## Exercise aim
As you restate the entries, keep every word intact and leave out whatever images they hold.

## Given records
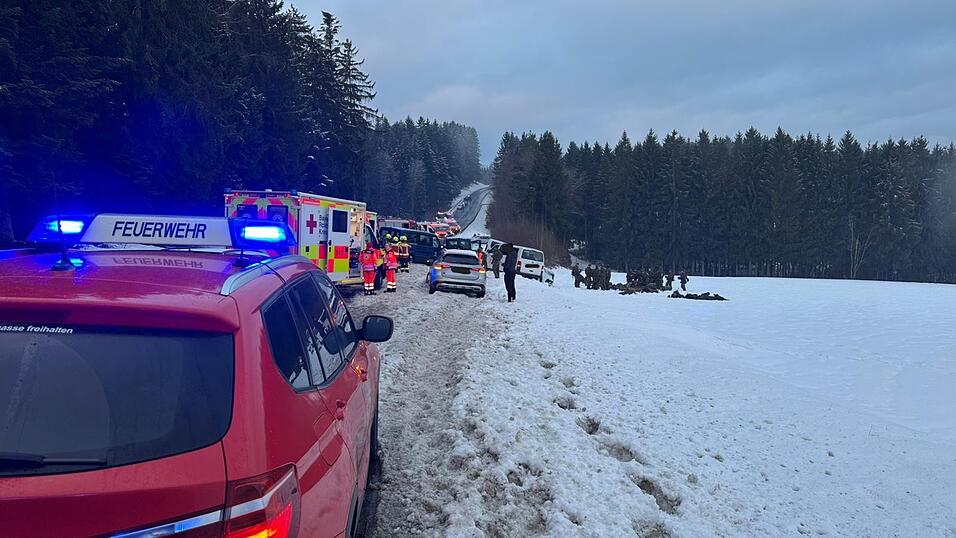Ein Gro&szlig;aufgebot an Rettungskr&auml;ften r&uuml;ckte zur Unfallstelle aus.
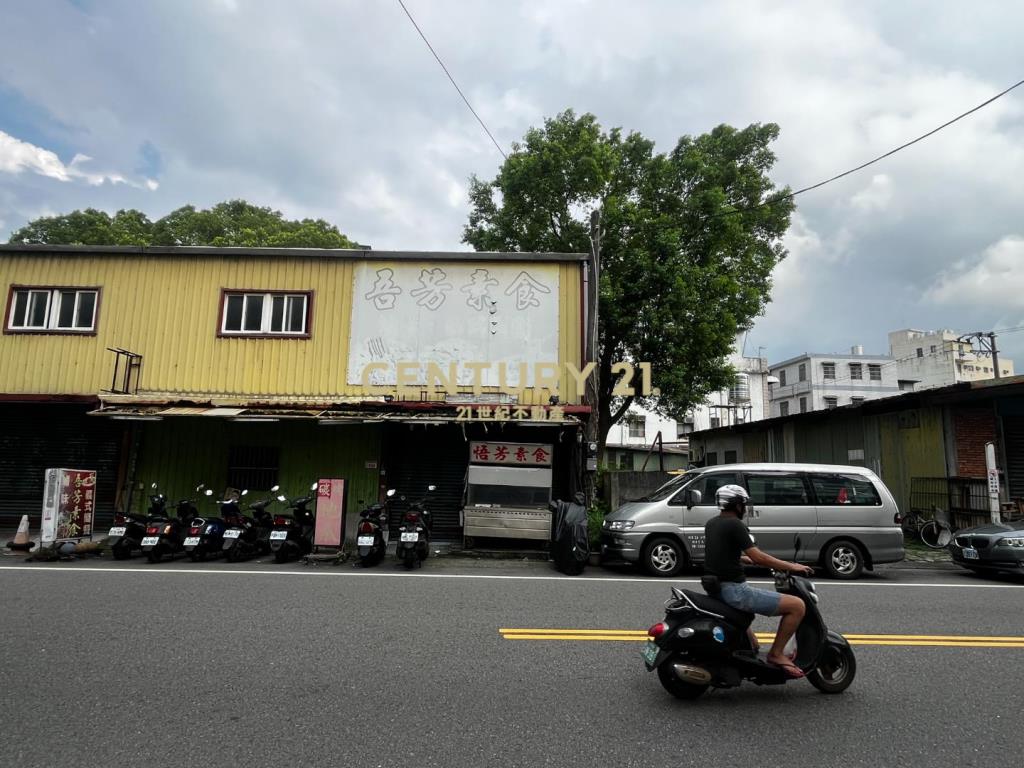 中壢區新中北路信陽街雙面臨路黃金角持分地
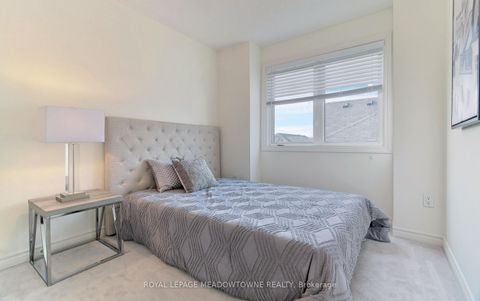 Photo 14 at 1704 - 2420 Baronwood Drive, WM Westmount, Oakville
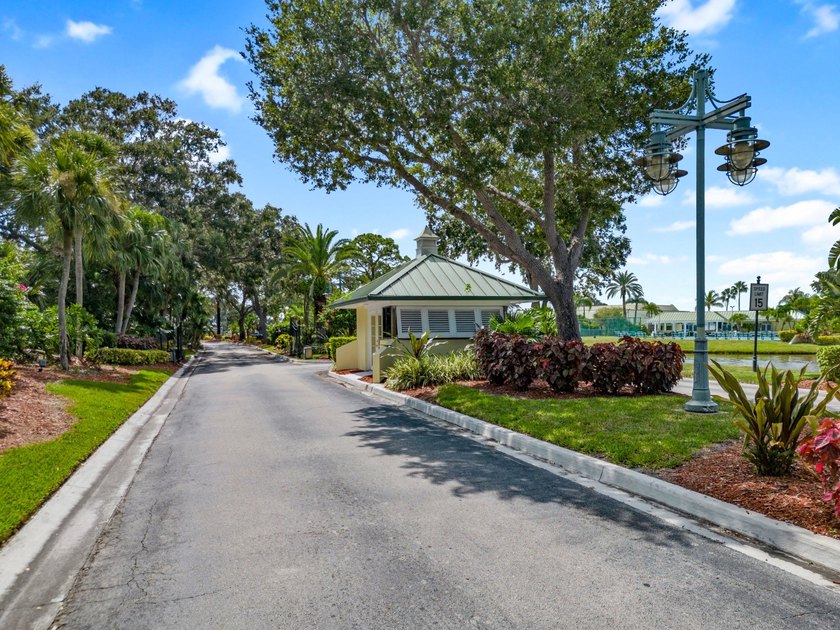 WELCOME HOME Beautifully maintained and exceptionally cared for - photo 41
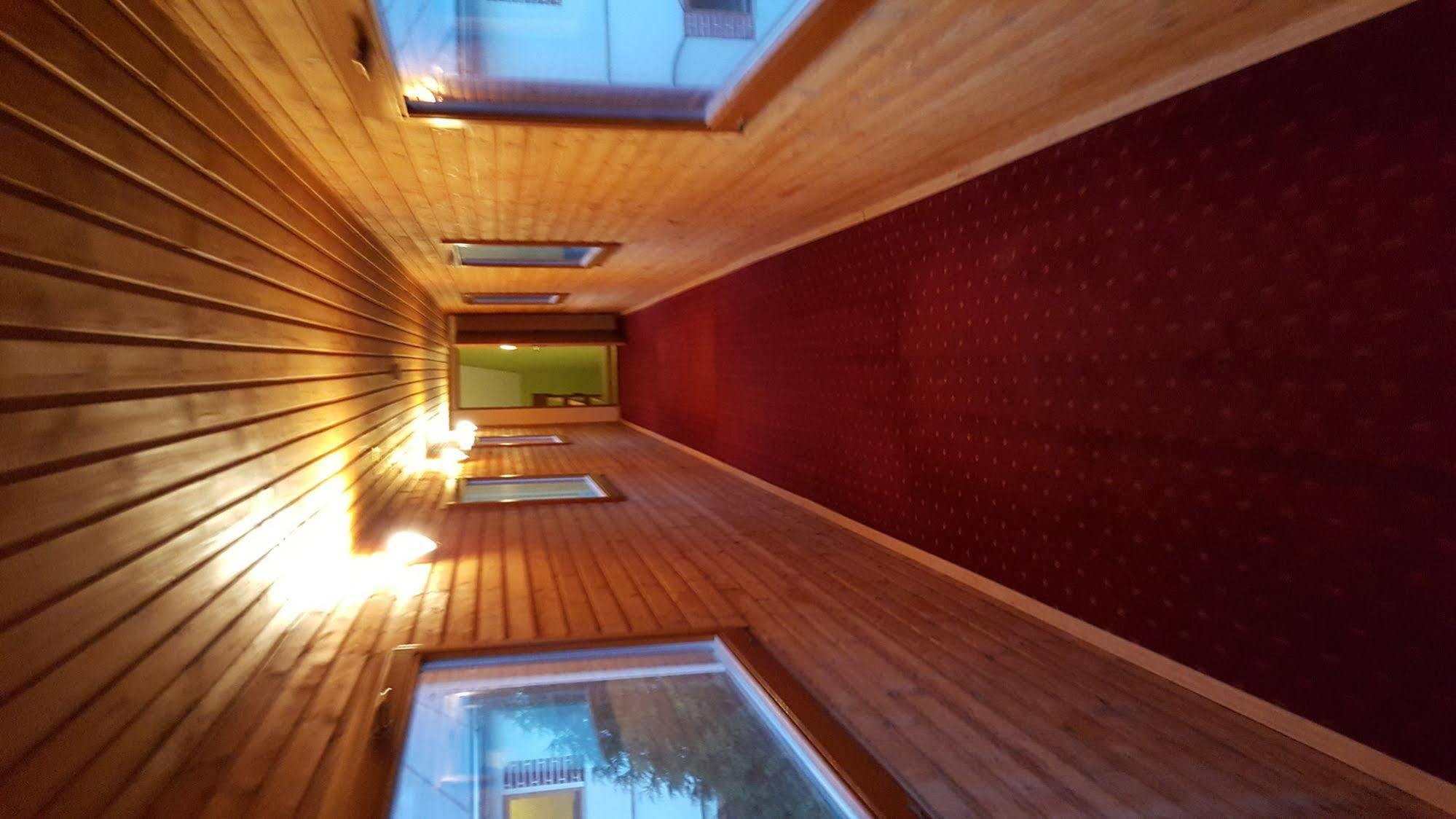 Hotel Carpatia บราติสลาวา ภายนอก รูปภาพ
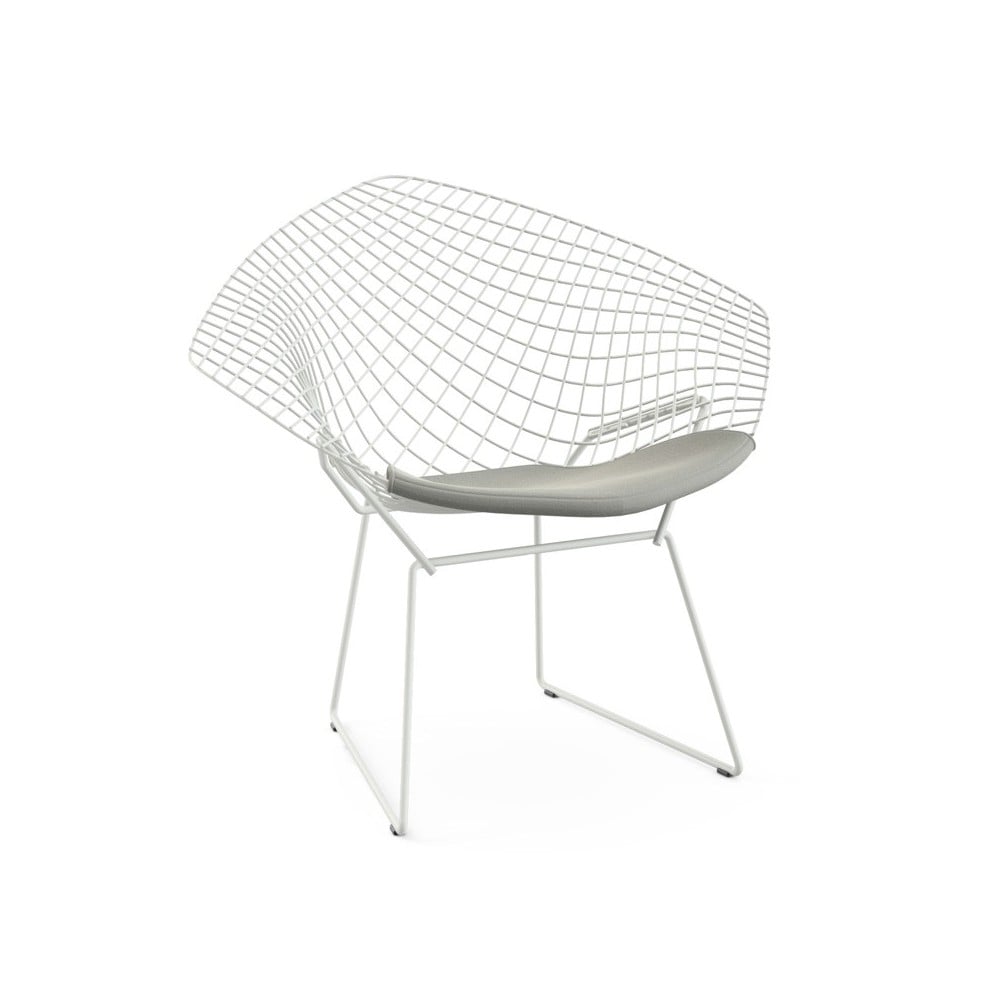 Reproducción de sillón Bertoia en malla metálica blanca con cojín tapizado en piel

## Answer to the problem
Ein Gro&szlig;aufgebot an Rettungskr&auml;ften r&uuml;ckte zur Unfallstelle aus.
 中壢區新中北路信陽街雙面臨路黃金角持分地
 Photo 14 at 1704 - 2420 Baronwood Drive, WM Westmount, Oakville
 WELCOME HOME Beautifully maintained and exceptionally cared for - photo 41
 Hotel Carpatia บราติสลาวา ภายนอก รูปภาพ
 Reproducción de sillón Bertoia en malla metálica blanca con cojín tapizado en piel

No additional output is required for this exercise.